A Stationmasters substantial nickel-cased pocket watch, the enamelled dial painted M M & Co within a rare electrified leather covered case with original improved ever-ready dried battery number 12.
[I never knew you could get electrified leather.]
An Indian ivory vintage tusk carved with figures and animals amongst trees styled as a desk light on a wooden base.
[Trees as desk lights — an interesting idea.]
A shelf of wooden metal ware [sic] to include a pair of 19th century adjustable metal hearth stands, a cast iron trivet, an Antinomy [sic] box decorated with a dragon, various vintage cooking wares to include butter pats, pastry rollers, juice squeezers and a treen stacking spice box, Soda siphon with sparklets, a wooden bowl containing decorative eggs, brass candlesticks, two boxed scrolls dated 10th June 1958 for ‘The Gala performance’ at The Royal Opera House attended by The Queen, etc.

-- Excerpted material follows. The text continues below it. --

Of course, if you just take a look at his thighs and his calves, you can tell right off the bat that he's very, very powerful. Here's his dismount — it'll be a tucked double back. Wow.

A pair of 19th century brass figural candlesticks of girls carrying food on top of bats.
Two Capodimonte figurines — Tramp on Bench and Sunday Mornings with certificates.
[Something else I never knew: Sunday mornings come with certificates. Clearly my education is sorely lacking.]

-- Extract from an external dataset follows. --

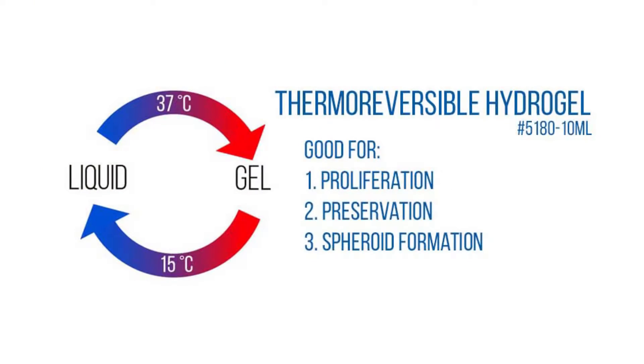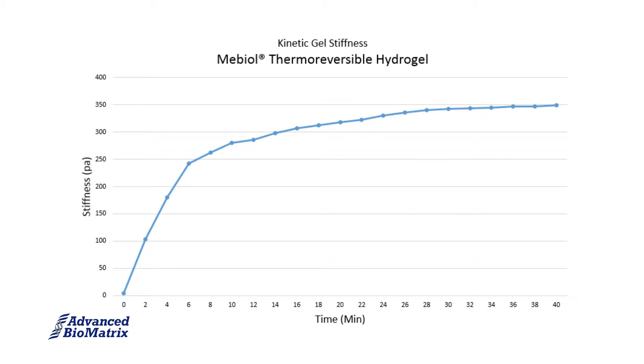Mebiole has been shown to be good for cell proliferation, preservation, and spheroid formation. Mebiole also forms a good 3D gel, as seen by this rheology graph.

A collection of decorative silver plate and glass table items to include sectioned dishes, jam dishes, hors d’oeuvres dish on stand, a large silver plated tray, a pair of pressed glass decanters and stoppers, two novelty teapots — one figured as a police man and the second by Wade ‘Cat on a dustbin’, Stella Artois Cidre decanter.
A pair of 19th century flat pack [sic] figurines of a Highland couple on a heathland and a large 1930s figurine of a Stag.
A Jerry’s cocktail shaker in the form of a penguin.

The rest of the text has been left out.